▶ _Data below_
★ ★ ★ ★ ★ ★ ★
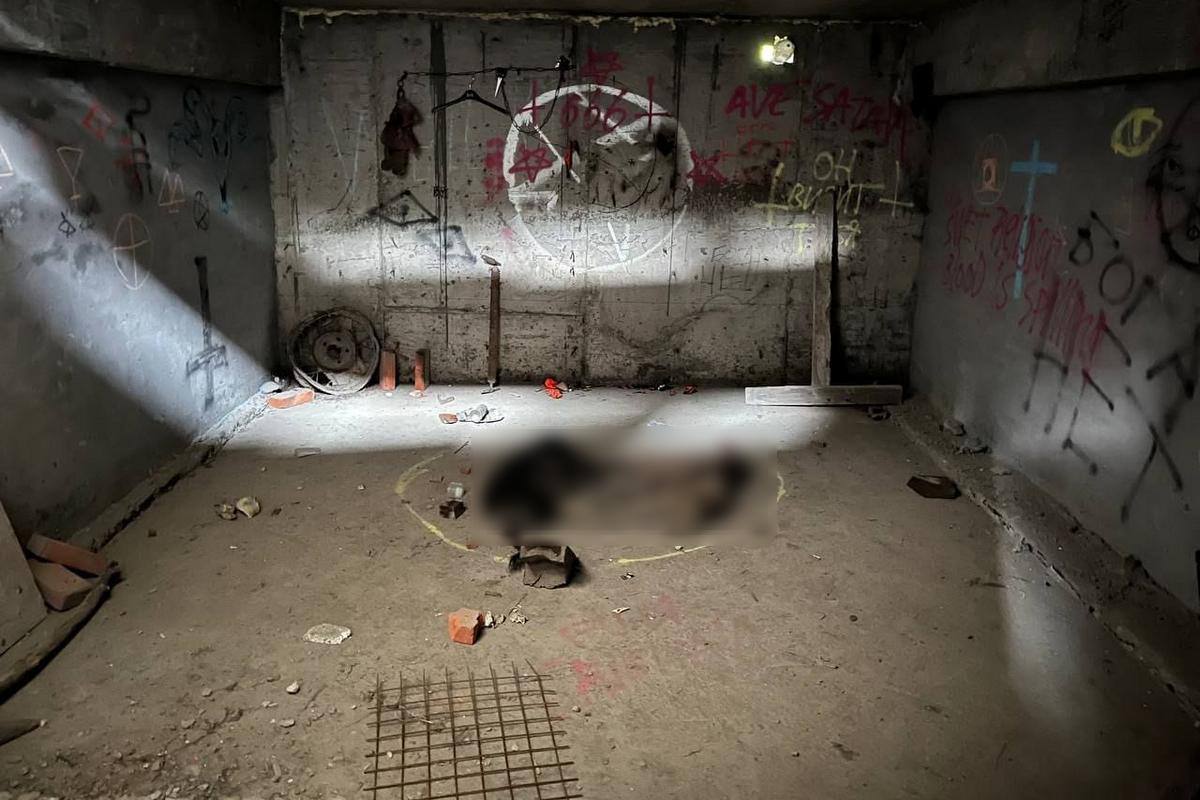 В подвале заброшенного здания Благовещенска нашли трупы животных и нарисованную пентаграмму В четверг, 19 июня, в ряде пабликов в соцсетях опубликована информация о том, что в одном из заброшенных зданий неизвестные устроили место казни бездомных животных. Предполагается, что живодеры — несовершеннолетние горожане. В качестве эшафота они выбрали подвал строения, которое, предположительно, находится за торговым центром «Перекресток». На опубликованных фотографиях и видео отчетливо видно, что стены помещения исписаны красками. Среди них есть и пентаграммы. На полу начерчен круг, в котором лежат мертвые тела двух псов. В настоящее время по данному факту проводится проверка, сообщает пресс-службе управления МВД России по Амурской области.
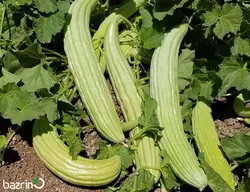 بذر خیار چنبر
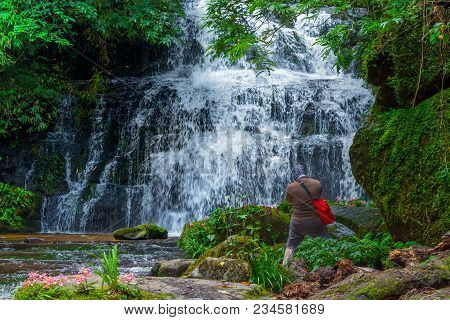 Mun Dang Waterfall With A Pink Flower Foreground In Rain Forest At Phitsanulok Province, Thailand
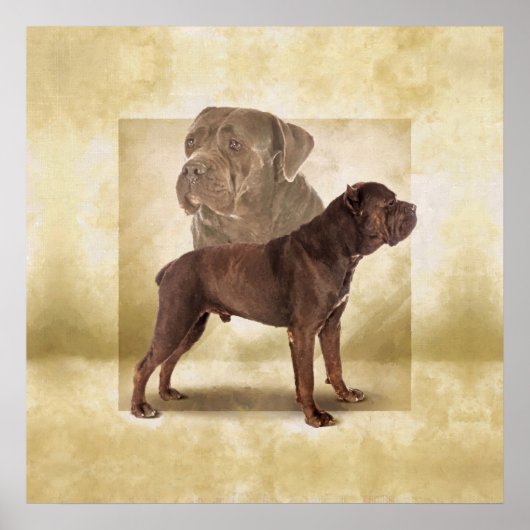 Cane Corso - Italienischer Mastiff Poster (Vorne)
★ ★ ★ ★ ★ ★ ★
▶ _The problem_
Write out each line of the data exactly; the images should be left out.

▶ _Response box_
 В подвале заброшенного здания Благовещенска нашли трупы животных и нарисованную пентаграмму В четверг, 19 июня, в ряде пабликов в соцсетях опубликована информация о том, что в одном из заброшенных зданий неизвестные устроили место казни бездомных животных. Предполагается, что живодеры — несовершеннолетние горожане. В качестве эшафота они выбрали подвал строения, которое, предположительно, находится за торговым центром «Перекресток». На опубликованных фотографиях и видео отчетливо видно, что стены помещения исписаны красками. Среди них есть и пентаграммы. На полу начерчен круг, в котором лежат мертвые тела двух псов. В настоящее время по данному факту проводится проверка, сообщает пресс-службе управления МВД России по Амурской области.
 بذر خیار چنبر
 Mun Dang Waterfall With A Pink Flower Foreground In Rain Forest At Phitsanulok Province, Thailand
 Cane Corso - Italienischer Mastiff Poster (Vorne)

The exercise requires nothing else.